Re: Ways to detect that XXXX in JSON \uXXXX does not correspond to a Unicode character?

From: Philippe Verdy <verdy_p_at_wanadoo.fr>
Date: Fri, 8 May 2015 02:16:25 +0200

It would be more exact to say that JSON strings, just like strings in
Javascript and Java or many programming languages are just binary streams
of 16-bit code units. The transport syntax of JSON does not even require
that the textual syntax itself must be encoded in UTF-16, and in most cases
it will be transported as UTF-8.
So before processing a "text/json" content type, you have first to
determine an appropriate character encoding to decode this syntax (in HTTP
you would use a MIME header to specify the charset effectively used, but
the "text/json" MIME type by default uses UTF-8.
Then the JSON processor will decode this text and will remap it to an
internal UTF-16 encoding (for characters that are not escaped) and the
"\uXXXX" will be decoded as plain 16-bit code units.
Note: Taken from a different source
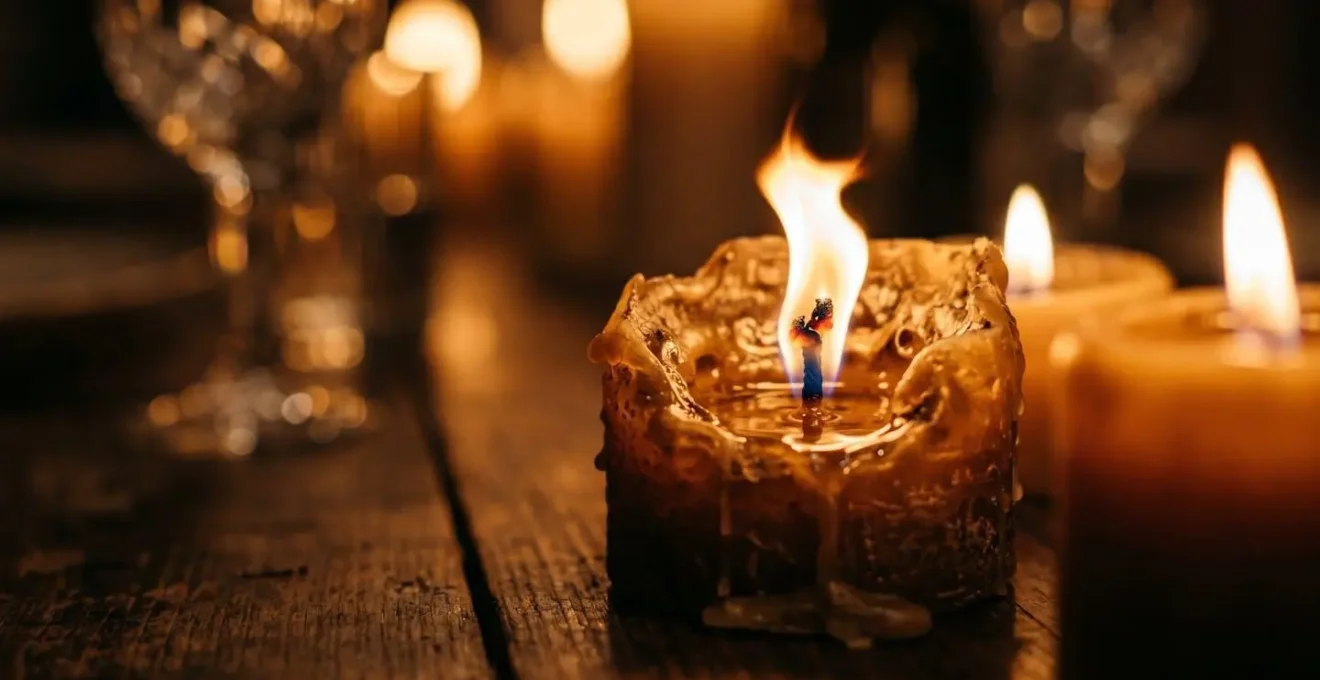 Dettaglio ravvicinato di candele accese su una tavola apparecchiata, con bicchieri di cristallo sfocati sullo sfondo che riflettono la luce calda.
The result will be a
stream of 16-bit code units, which can then externally be outpout and
encoded or stored in any convenient encoding that preserves this stream,
EVEN if this is not valid UTF-16.
If you need a validation of UTF-16 this is not the job of JSON itself (or
Java or Javascript or similar) but dependant on the application using the
JSON data: some of them will reject the stream as invalid because they
expect their input to be a valid UTF (not necessarily UTF-16 or UTF-8), or
they may even restrict more the allowed characer set they support (e.g.
restrict to just ASCII, or support some other encodings such as GSM
encoding for SMS, or just use the lowest 8 bits of each code unit).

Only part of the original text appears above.